Zuko laughed, and a sudden breeze made him shiver, so she elbowed him in the ribs and said, “Come on, Sifu Hotman. Let’s go sit inside before you freeze to death and talk about how you’re going to redecorate the palace because La knows that place needs a makeover.”

So they settle in on the couch in the sitting room, and they talk about the turtleduck pond and his mother’s gardens and how much she misses the South Pole and how she wants to rebuild the healing huts in honor of her mother, and they talk until their eyelids droop and their bodies slump in on each other.

Zuko fell asleep sitting up, with Katara’s head on his shoulder and her remarkably cool breath on her collarbone, and he fights it as hard as he can because he wants to stay in this strange in-between place, where nothing is happening so anything could. 

4.

The next time it happens is three years after the war, during the first summer storm in the Fire Nation. 

The storm blows in on the first day of treaty negotiations between the Fire Nation and the Earth Kingdom about the colonies, and Katara’s always been superstitious, so she can’t help but take it as an omen.

She tries to brush it off, keeping her eyes trained on her notes from today’s meeting, but her eyes keep drifting toward the window, the rain beating a harsh rhythm against the glass. Lightning splits the night sky, and every crack drives a dagger into her chest. Her knuckles are white around the brush in her hand. After a few more failed attempts to focus, she tossed it and the scroll aside, letting out a shaky exhale that echoed off the walls of her private chambers. She was alone, so she felt no shame in dropping her head onto her hands on the desk and letting out a loud, long groan.

Katara had felt the storm coming before it arrived, the surge of power foreboding in her veins, and she’d sent Aang out of her room for the night, citing the need to be alone to get a jump on the next day’s tasks. It was just an excuse. She knew what was bound to happen, and she didn’t want the comfort she knew he’d offer, the overly positive reminders that everything was okay now.

Because it was and it wasn’t, and only she and a certain Fire Lord knew why. 

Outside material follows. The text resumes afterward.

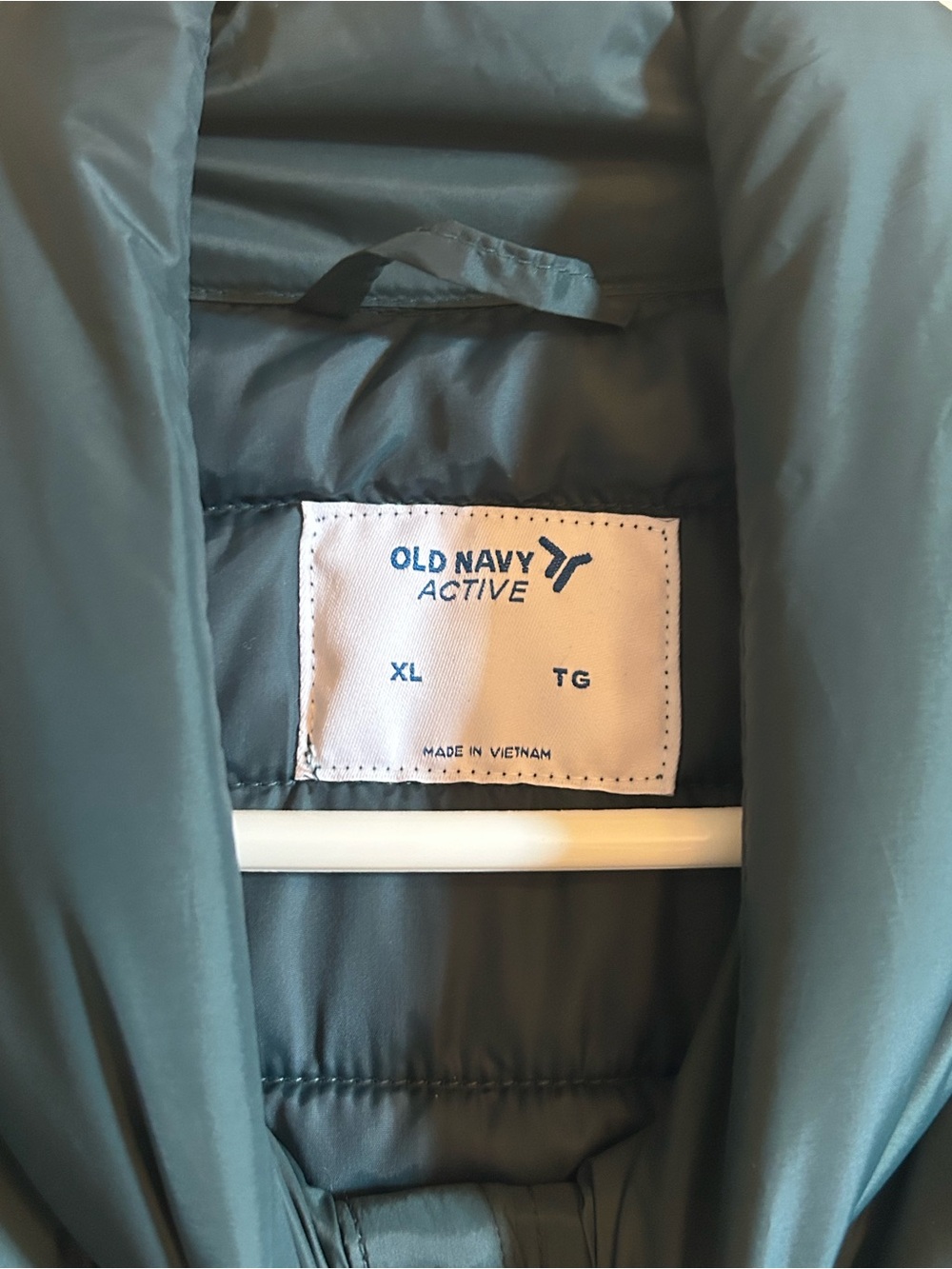 OLD NAVY Green Lightweight Quilted Puffer Jacket - Picture 2 of 9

Zuko’s scar was on his chest, but she knew she’d never be able to heal the ones that were on his heart, his mind, because they were the same as the ones on herself. Her heart was broken in the same places his was, and the sutures bore his name because only the feeling of his heart beating steady beneath her hands had healed the wound torn in her own chest.

Whenever a storm hit anywhere else in the world, she couldn’t sleep, and only reading his letters gave her comfort enough to drift off because they were always dated, and the dates helped her remember that they weren’t still on that battlefield, Zuko lifeless on the ground and twitching with electricity and Katara chaining down a traumatized, abused girl so she couldn’t kill her own brother.

They were just kids. They were _still_ just kids.

As the thought entered her mind, she was up and moving, already reaching for the doorknob before she realizes what she’s doing. She hesitates; he was probably sleeping already. She was the night owl of their relationship, so he was probably dead to the world by now—

The phrase had no sooner entered her mind before the implications of it made her nauseous and she wrenched open the door. 

Zuko stood there, fist hovering in the air as though he’d been about to knock, and a sheepish smile emerged on his face. “Hello,” he said shyly, voice low.

“‘Zuko here,’” she couldn’t help but blurt in a crude imitation of his voice, and he rolled his eyes. Her shoulders loosened at the motion, some of the tension leaving her body at the sight of him in the doorway.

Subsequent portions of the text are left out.